Research and Technical Reports

Text-to-Model: Create computer-vision models from natural language and unannotated images

Yrikka’s Text-to-Model (T2M) removes the data bottleneck in real-world vision by generating long-tail scenarios, training multiple candidate models, and stress-testing them automatically. Powered by RADGE for realistic data generation, APEX for scenario-matched evaluation and red-teaming) and FORGE for agentic training and model selection, T2M turns a natural-language idea and a few images into a deployable model.

November 13, 2025

Every real-world vision system eventually meets the same obstacle: data. Not just the amount, but the kind that truly reflects the long tail: rare, messy, and unpredictable cases that determine whether a model works outside the lab. Capturing and labeling enough of these examples is slow, expensive, and often impractical. Teams spend most of their time managing data pipelines instead of improving models. Once the data barrier is lifted, model building becomes a structured process. With reliable and representative data, AI agents can handle much of the training and evaluation loop automatically, testing hypotheses faster than any manual cycle could.

‍

Yrikka’s Text-to-Model (T2M) is built around this idea. Starting from a few unlabeled images and a natural-language description, T2M generates the data, trains multiple candidate models, and evaluates them under realistic conditions. This is achieved by three coordinated Yrikka services: RADGE for generating realistic data that covers the long-tails, APEX for scenario-matched evaluation and red-teaming, and FORGE, an agentic training system that coordinates fine-tuning and model selection, completing the loop from concept to deployment.

1. Why data is the bottleneck

ML teams consistently report that data collection and labeling dominate project time and budget. Surveys often find that roughly 80% of ML development effort goes into data work before modeling even begins. Data‑centric AI reframed progress around systematic improvements in datasets and label quality rather than endless architecture tweaks. In particular, small upstream data issues compound downstream into reliability failures [1].

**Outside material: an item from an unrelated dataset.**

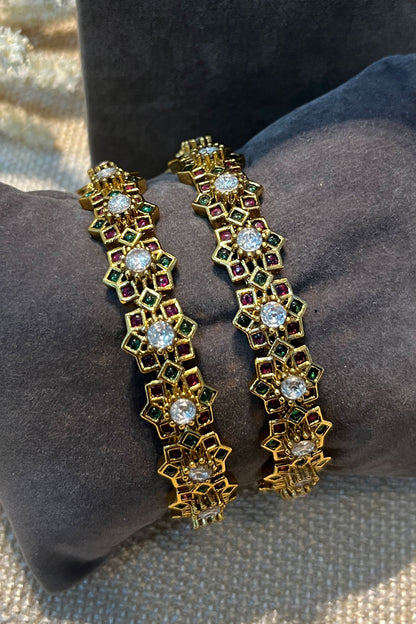 Stone Embellished Bangles - Set of 2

Collecting representative data is expensive. It must span weather, time of day, motion blur, and long‑tail events. In safety‑critical domains (e.g., AV, autonomous drones), capturing edge cases is costly, risky, and statistically intractable: demonstrating safety through public‑road testing alone would require hundreds of millions to billions of miles, and real‑world testing “places the public in danger,” making advanced simulation essential [2]. Even when data is available, labeling costs stack up quickly. Typical pricing for annotation range from $0.02–$1.00 per bounding box and $0.05–$3.00 per mask, with specialized annotations much higher for complex tasks; at the frontier, single expert annotations can cost tens of dollars or more.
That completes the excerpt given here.